Dia menekankan bahwa koperasi bersifat sukarela, mandiri, dan berdasarkan gotong royong. Namun, pemerintah akan mendorong partisipasi masyarakat dengan menawarkan strategi seperti diskon belanja bagi anggota koperasi.
Berdasarkan Petunjuk Pelaksanaan Menteri Koperasi RI Nomor 1 Tahun 2025, ada beberapa syarat yang wajib dipenuhi untuk menjadi pengurus Koperasi Merah Putih. Berikut beberapa syarat utamanya:
- Anggota aktif koperasi yang berintegritas dan memiliki pemahaman mengenai dunia perkoperasian, loyal, dan berdedikasi.
- Memiliki jiwa kewirausahaan dan mampu secara teknis.
- Tidak memiliki hubungan darah atau hubungan semenda tingkat pertama dengan pengurus lain atau pengawas.
- Bukan perangkat desa atau kelurahan.
- Komposisi pengurus harus ganjil yakni minimal terdiri dari lima orang.
- Pengurus berhak menunjuk pengelola operasional koperasi dengan wewenang terbatas.
Sementara itu, Budi Arie Setiadi menjelaskan bagaimana setiap koperasi desa merah putih berpotensi menghasilkan keuntungan hingga Rp1 miliar per tahun atau Rp80 triliun untuk 80 ribu koperasi.
Budi Arie mengatakan bahwa angka tersebut berasal dari pemangkasan peran perantara yang merugikan dan efisiensi penyaluran subsidi.
Dia mengungkapkan bahwa data, termasuk dari Kementerian Pertanian, menunjukkan bahwa para “middleman”, rentenir, dan tengkulak bisa mengantongi hingga Rp300 triliun dari desa.
Menurut Budi Arie, ini terjadi salah satunya karena selisih harga yang sangat timpang antara harga di tingkat petani/produsen dan harga jual di perkotaan. Sebagai contoh, wortel yang dibeli Rp500 dari petani bisa dijual Rp5.000 di kota.
“Nilai orang tengah ini terlalu besar. Jadi tidak adil buat masyarakat desa, tidak adil juga buat masyarakat kota,” ujar Budi Arie.
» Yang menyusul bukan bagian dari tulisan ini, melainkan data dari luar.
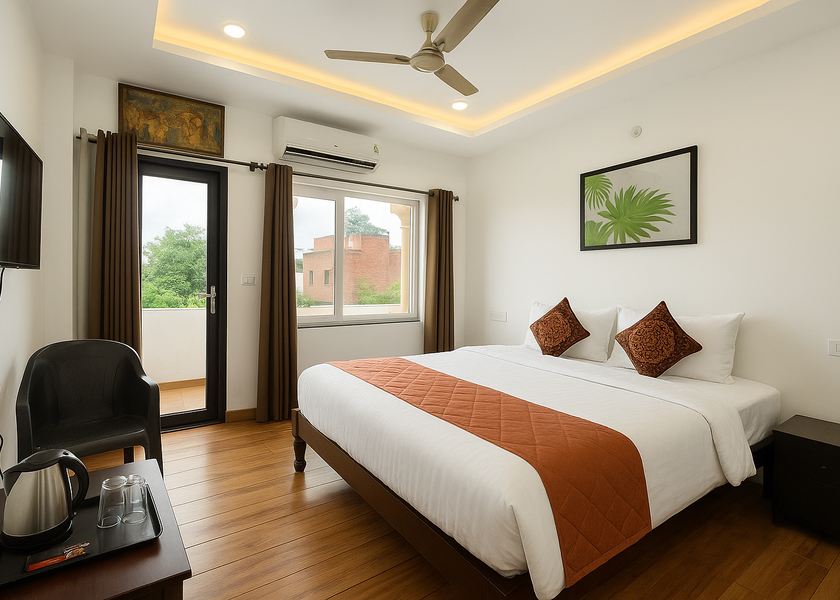 Rajasthan Udaipur Mountain View Classic Room with Balcony 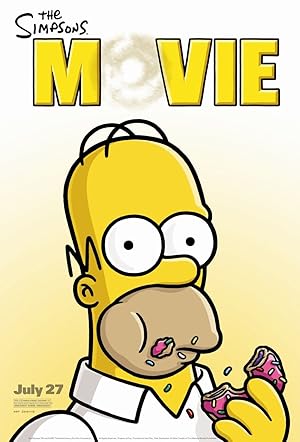 Poster for The Simpsons Movie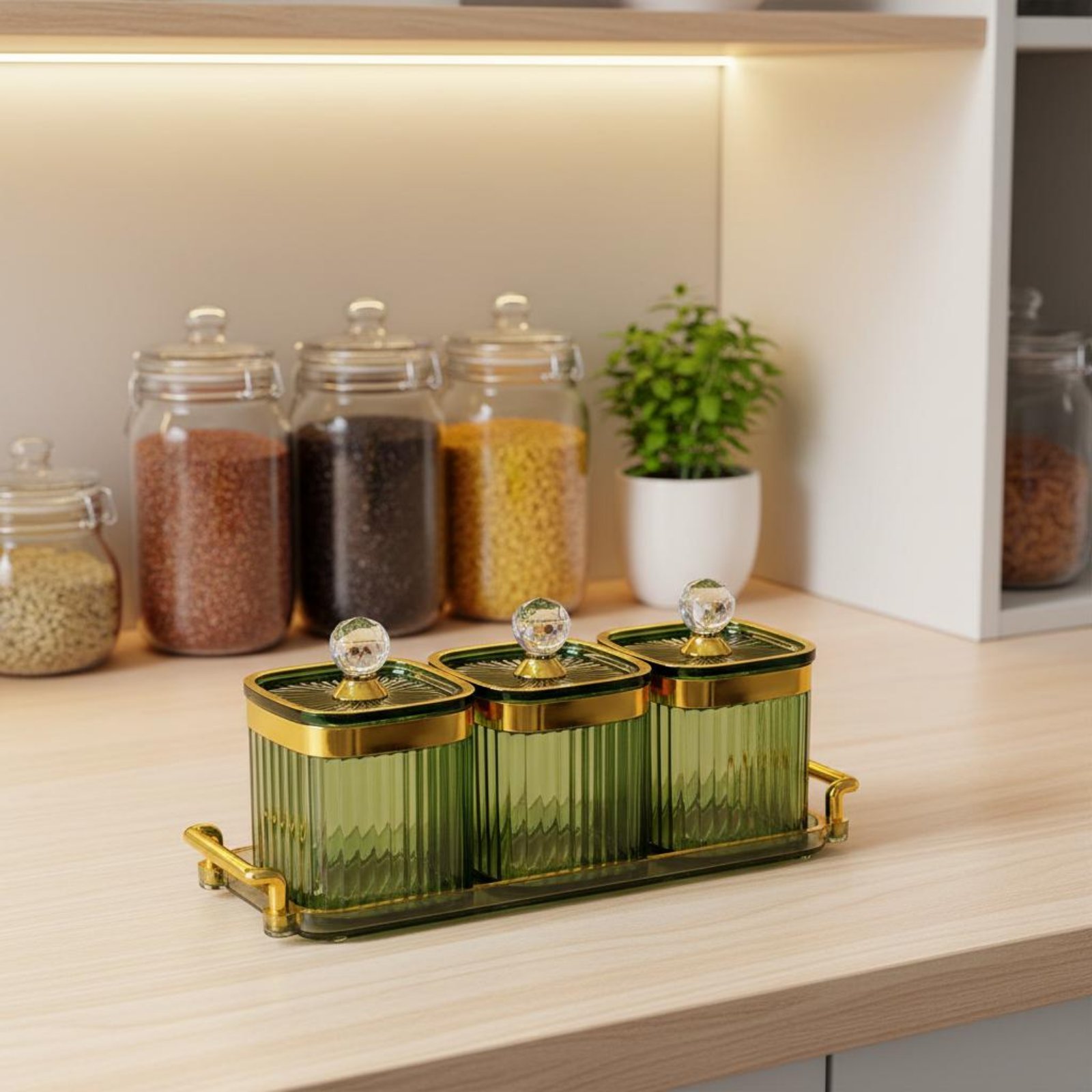 مجموعة حاويات وجبات خفيفة زخرف - مراجعة Food Storage Containers With Lids وسعره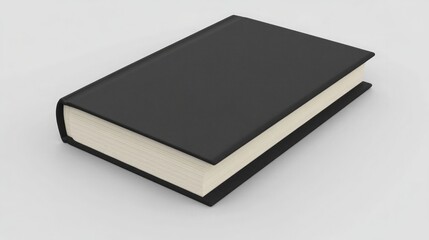 A minimalist book cover mockup placed on a seamless white background.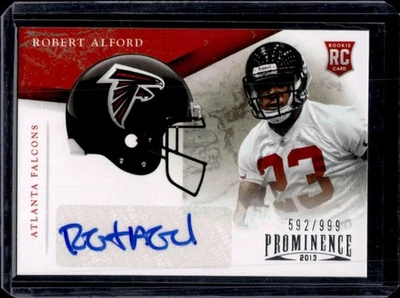 2013 Panini Prominence Robert Alford Rookie Team Helmet Auto RC #/999 Falcons - Image 1 of 2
Dengan efisiensi jalur distribusi melalui koperasi desa, Budi Arie memperkirakan Ro90 triliun atau sekitar 30 persen dari total Rp300 triliun tersebut dapat diselamatkan dan dialirkan kembali ke desa. Angka inilah, yang menurut dia, menjadi salah satu asal-usul perhitungan potensi keuntungan Rp1 miliar per unit koperasi.